## [EXERCISE REQUIREMENTS]
Look through the lines below for the word "thumbnail", and copy every line that has it.

(DATA TO USE Opens)

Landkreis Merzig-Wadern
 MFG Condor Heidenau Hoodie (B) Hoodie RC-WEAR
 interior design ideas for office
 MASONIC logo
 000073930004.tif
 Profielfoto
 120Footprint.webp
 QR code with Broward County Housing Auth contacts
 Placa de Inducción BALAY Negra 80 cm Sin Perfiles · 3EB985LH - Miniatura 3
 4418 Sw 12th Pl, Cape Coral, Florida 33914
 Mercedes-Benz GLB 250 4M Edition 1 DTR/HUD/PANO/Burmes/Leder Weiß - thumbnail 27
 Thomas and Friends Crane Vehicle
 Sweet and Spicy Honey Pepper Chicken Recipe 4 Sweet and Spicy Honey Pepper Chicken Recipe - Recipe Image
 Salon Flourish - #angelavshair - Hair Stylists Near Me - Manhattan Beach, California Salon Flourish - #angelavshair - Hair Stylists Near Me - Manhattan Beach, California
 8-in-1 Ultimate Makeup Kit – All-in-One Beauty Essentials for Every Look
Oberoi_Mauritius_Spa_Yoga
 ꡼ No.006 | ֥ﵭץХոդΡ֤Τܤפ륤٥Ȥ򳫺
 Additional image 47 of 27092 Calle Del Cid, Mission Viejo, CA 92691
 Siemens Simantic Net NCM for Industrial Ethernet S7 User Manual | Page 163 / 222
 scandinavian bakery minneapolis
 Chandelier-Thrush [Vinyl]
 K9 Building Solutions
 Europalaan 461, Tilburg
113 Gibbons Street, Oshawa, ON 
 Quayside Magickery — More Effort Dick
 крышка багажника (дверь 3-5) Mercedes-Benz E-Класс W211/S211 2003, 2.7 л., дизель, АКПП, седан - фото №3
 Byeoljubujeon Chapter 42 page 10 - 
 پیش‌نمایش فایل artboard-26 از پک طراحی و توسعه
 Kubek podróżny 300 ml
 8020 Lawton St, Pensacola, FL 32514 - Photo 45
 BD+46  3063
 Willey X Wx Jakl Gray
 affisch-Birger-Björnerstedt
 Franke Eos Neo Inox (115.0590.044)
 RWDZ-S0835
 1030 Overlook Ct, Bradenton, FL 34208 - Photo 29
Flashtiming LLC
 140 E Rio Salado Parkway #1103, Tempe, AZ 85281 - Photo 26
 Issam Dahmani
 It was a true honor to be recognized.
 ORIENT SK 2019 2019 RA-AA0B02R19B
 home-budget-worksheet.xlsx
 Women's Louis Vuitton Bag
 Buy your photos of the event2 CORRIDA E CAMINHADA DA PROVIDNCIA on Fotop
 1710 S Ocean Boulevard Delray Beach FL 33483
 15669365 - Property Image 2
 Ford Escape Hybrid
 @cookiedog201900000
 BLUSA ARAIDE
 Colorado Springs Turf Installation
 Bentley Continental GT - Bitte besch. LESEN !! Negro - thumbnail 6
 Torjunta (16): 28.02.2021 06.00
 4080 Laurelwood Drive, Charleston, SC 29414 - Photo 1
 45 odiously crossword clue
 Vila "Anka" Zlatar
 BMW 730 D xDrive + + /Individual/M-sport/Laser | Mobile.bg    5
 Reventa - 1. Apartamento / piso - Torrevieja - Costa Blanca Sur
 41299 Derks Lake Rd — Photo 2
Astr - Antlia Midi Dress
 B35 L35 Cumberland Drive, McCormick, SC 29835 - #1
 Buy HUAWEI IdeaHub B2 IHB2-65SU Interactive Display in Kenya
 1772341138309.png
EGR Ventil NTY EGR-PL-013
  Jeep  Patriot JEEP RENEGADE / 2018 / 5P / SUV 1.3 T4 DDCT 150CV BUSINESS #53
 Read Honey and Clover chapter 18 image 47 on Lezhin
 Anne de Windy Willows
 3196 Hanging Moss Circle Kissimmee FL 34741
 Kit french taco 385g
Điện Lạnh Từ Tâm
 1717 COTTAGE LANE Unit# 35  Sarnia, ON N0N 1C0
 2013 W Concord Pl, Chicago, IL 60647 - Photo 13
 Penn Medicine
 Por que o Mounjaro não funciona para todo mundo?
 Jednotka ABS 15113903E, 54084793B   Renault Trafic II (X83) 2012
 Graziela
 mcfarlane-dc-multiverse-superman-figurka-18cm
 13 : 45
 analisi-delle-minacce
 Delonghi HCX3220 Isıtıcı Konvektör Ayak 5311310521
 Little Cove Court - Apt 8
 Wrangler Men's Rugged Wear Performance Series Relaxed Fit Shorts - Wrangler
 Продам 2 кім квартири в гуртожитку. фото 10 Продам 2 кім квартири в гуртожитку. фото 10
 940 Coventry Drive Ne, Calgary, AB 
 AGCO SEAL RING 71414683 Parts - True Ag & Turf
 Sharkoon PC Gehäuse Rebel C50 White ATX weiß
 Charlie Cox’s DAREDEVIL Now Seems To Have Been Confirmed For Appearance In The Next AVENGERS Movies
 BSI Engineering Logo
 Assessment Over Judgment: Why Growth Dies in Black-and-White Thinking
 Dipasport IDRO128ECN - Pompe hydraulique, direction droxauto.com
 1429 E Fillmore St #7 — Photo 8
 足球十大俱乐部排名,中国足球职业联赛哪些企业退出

(DATA TO USE Closes)

## [FINISHED TASK]
 Mercedes-Benz GLB 250 4M Edition 1 DTR/HUD/PANO/Burmes/Leder Weiß - thumbnail 27
 Bentley Continental GT - Bitte besch. LESEN !! Negro - thumbnail 6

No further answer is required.